*** Supplied entries ***
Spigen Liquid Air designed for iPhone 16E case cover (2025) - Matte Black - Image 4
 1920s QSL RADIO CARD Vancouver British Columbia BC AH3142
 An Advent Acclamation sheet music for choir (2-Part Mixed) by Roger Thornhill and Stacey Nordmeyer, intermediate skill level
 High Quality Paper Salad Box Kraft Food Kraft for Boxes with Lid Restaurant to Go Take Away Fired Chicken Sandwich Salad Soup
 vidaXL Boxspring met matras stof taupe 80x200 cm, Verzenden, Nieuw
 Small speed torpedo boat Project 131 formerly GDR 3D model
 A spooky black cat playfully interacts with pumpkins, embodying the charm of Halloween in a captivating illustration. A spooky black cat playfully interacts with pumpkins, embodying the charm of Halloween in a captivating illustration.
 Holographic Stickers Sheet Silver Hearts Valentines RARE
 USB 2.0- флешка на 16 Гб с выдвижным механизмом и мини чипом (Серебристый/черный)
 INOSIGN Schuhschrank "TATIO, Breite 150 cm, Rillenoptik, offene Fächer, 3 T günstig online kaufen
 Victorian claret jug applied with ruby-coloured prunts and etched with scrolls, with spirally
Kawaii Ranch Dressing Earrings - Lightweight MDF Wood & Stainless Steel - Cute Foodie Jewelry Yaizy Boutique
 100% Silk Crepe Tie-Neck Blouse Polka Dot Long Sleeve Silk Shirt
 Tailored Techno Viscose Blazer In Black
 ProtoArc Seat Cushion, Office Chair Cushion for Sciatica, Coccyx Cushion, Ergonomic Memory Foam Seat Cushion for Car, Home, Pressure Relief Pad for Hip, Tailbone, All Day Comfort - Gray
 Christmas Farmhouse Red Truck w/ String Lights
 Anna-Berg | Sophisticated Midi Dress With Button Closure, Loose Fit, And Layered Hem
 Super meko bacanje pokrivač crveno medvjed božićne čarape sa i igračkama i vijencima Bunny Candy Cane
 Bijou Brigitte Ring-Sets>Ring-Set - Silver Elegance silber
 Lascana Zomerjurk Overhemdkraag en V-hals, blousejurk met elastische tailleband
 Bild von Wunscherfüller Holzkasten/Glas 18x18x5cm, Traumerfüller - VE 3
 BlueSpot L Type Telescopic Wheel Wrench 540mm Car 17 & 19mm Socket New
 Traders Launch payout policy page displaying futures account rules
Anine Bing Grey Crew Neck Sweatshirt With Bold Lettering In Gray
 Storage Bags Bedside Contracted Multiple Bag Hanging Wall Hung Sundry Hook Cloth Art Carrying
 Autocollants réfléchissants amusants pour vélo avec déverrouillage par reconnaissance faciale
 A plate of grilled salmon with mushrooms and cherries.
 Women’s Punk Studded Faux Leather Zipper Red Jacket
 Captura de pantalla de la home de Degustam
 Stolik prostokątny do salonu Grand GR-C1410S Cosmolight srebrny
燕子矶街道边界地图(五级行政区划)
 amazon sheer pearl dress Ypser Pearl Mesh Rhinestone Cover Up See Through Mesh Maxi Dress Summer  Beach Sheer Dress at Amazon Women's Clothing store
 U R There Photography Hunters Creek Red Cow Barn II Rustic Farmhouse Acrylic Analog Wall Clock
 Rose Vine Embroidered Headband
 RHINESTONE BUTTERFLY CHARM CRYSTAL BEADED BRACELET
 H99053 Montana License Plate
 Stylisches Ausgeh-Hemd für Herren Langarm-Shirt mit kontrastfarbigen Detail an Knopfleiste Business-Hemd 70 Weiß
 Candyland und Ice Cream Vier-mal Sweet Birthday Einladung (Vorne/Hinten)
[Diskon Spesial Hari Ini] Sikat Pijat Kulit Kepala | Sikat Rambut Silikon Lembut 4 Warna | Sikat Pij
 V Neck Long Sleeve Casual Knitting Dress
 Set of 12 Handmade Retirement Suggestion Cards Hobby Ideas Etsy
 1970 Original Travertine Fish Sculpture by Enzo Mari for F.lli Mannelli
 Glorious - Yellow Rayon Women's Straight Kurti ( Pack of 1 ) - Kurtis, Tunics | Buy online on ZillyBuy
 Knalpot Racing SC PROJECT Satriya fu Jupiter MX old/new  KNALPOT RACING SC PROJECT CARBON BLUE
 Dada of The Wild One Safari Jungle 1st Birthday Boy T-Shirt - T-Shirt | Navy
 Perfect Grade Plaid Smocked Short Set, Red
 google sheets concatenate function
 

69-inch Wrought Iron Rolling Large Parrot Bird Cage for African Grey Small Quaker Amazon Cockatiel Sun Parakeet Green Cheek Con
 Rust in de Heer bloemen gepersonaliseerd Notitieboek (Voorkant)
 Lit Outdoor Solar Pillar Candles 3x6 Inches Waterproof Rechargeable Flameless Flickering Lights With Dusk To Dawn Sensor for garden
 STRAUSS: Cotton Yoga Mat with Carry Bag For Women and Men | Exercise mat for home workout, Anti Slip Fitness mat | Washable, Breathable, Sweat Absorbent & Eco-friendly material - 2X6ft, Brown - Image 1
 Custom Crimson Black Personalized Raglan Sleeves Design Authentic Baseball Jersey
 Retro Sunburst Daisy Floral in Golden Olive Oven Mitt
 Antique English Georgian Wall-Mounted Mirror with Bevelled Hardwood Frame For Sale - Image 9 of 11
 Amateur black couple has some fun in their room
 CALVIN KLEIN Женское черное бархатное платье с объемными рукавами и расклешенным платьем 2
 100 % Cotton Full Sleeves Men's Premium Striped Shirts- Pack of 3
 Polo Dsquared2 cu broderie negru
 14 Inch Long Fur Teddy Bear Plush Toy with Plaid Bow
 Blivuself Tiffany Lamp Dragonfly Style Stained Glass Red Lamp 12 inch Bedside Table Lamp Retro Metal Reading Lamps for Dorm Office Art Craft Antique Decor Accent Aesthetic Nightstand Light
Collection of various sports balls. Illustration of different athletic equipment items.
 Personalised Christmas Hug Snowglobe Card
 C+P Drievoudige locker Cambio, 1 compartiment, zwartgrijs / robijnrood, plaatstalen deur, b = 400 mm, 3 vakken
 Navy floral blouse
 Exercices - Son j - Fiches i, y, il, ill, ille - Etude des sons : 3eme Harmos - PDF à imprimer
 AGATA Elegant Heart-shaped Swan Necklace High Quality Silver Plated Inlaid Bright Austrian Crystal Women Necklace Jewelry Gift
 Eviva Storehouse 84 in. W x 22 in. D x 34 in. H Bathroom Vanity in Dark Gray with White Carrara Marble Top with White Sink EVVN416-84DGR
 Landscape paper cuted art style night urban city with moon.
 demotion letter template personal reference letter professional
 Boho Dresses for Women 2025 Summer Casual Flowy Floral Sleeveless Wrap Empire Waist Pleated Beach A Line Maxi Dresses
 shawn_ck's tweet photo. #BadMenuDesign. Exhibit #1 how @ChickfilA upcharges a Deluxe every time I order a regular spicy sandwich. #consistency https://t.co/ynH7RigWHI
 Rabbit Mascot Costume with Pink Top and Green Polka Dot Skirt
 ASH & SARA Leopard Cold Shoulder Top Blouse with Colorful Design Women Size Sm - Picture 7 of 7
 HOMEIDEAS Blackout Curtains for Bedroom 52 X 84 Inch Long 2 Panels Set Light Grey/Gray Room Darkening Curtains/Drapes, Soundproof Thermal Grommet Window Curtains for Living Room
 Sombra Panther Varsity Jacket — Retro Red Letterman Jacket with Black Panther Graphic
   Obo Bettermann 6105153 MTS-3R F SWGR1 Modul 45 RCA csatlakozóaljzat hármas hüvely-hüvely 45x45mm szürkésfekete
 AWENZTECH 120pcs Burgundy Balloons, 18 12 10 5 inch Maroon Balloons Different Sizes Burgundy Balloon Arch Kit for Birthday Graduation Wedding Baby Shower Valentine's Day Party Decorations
*** End of Supplied entries ***
What to do :: Everything above from the line containing "C+P Drievoudige locker" down to the line containing "Rabbit Mascot Costume" should be copied exactly, both end lines included, and nothing else.

Answer to the problem ::
 C+P Drievoudige locker Cambio, 1 compartiment, zwartgrijs / robijnrood, plaatstalen deur, b = 400 mm, 3 vakken
 Navy floral blouse
 Exercices - Son j - Fiches i, y, il, ill, ille - Etude des sons : 3eme Harmos - PDF à imprimer
 AGATA Elegant Heart-shaped Swan Necklace High Quality Silver Plated Inlaid Bright Austrian Crystal Women Necklace Jewelry Gift
 Eviva Storehouse 84 in. W x 22 in. D x 34 in. H Bathroom Vanity in Dark Gray with White Carrara Marble Top with White Sink EVVN416-84DGR
 Landscape paper cuted art style night urban city with moon.
 demotion letter template personal reference letter professional
 Boho Dresses for Women 2025 Summer Casual Flowy Floral Sleeveless Wrap Empire Waist Pleated Beach A Line Maxi Dresses
 shawn_ck's tweet photo. #BadMenuDesign. Exhibit #1 how @ChickfilA upcharges a Deluxe every time I order a regular spicy sandwich. #consistency https://t.co/ynH7RigWHI
 Rabbit Mascot Costume with Pink Top and Green Polka Dot Skirt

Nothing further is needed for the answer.